L’échec doit pouvoir nous interroger sur :
a) La question de la performance (folie des sociétés modernes). Qu’est-ce que nous voulons mettre en œuvre : favoriser du lien, de la relation ou devenir le plus performant possible ? Quel est notre critère d’évaluation : la réussite ou la fécondité ? La fécondité peut être très ténue, mais prend toute l’existence. Une pratique est féconde lorsqu’elle ouvre à d’autres des chemins de liberté, d’autonomie non solitaire. Il importe de relativiser la performance.
b) La question du changement : L’échec peut être un indicateur que l’on s’est trompé. Le changement, à travers l’échec, peut permettre la réorientation du projet.
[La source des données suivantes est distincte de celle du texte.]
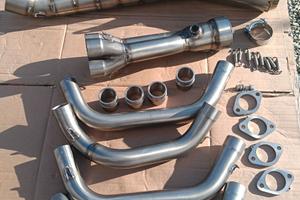 scarico zard titanio racing pe kawa z900 rs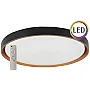 LED plafonjera sa daljinskim crno-zlatna 45W LED SMD CCT 3000~6500K fi500mm M205521-A
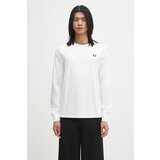 Fred Perry Pamučna majica boja: bijela, bez uzorka, M9602 Cijene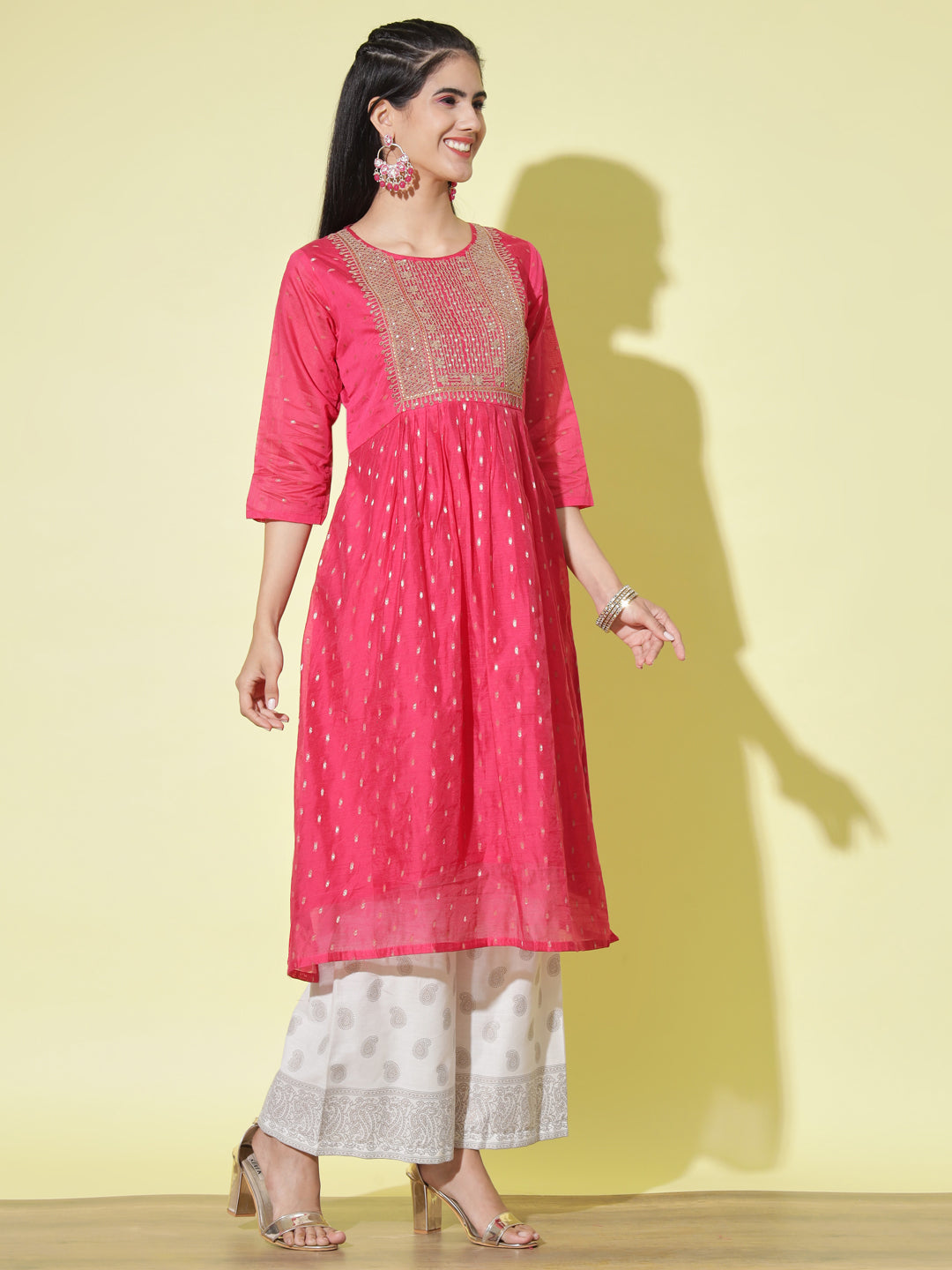 Women chanderi modal Butti - FitVibe Fashion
Savoir réorienter son projet ou le projet du groupe. Changer, c’est être vivant, c’est être capable de changer de place, de poser un autre type de regard. C’est être averti parce qu’on se connaît mieux. C’est une manière d’apprendre de nous-mêmes, du monde, quelque fois d’une manière douloureuse.
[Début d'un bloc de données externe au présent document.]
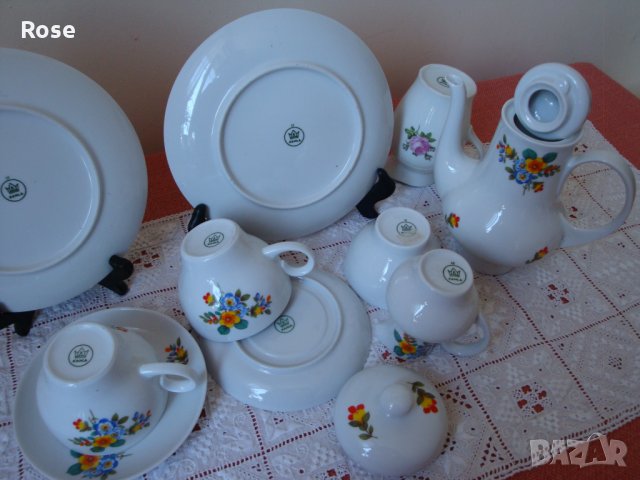 Сервиз за двама за чай/кафе - Kahla „Made in GDR“, снимка 8 - Сервизи - 24608541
c) La question du succès, de la réussite : se poser la question : quel est le succès que nous attendons, quelle réussite attend-on ?
Qu’est-ce que « réussir sa vie » ? On peut être malade et bien portant. On peut échouer et réussir. Il est nécessaire de sortir d’un imaginaire du succès, de la perfection. La vie chrétienne parle de sainteté et non de perfection.
La modalité de la sainteté consiste à revenir sans cesse vers son Dieu. Il nous faut apprendre à sortir de la perfection comme idéal. La sainteté et la fidélité sont liées à la notion de persévérance (cf. les prophètes) et de revenance (le peuple parti adoré les faux dieux et revenu vers le Dieu unique). Le but, c’est de mener une vie bonne, malgré les difficultés et les limites.
Interroger la finalité du projet : il est des échecs qui sont des ruptures, et diffèrent en cela des échecs que l’on peut intégrer. La question à se poser est de savoir qui, à ce moment-là, se tient auprès de la personne qui vit cette déflagration. Quelqu’un qui a foi en elle, qui a de l’espérance, et de l’espérance en Dieu si possible, et de l’estime (charité). Car après un tel échec, on ne croit plus en rien, ni en soi. Bannir alors les : « on tourne la page, on refait sa vie ». C’est là que l’espérance biblique prend tout son sens : une espérance de nuit, quand on ne voit rien. C’est là le sens, entre autre, du Triduum pascal, spécialement du vendredi saint. Cette posture de l’être est fondamentale quand il y a déflagration, brisure. Comment nous tenons-nous à côté d’une personne qui a connu un échec ? C’est de l’ordre de l’accompagnement : permettre de cheminer dans la nuit… Peut-être alors un avenir s’ouvrira, qui ne nous appartient pas. Et en même temps il est fondamental que la vie se manifeste.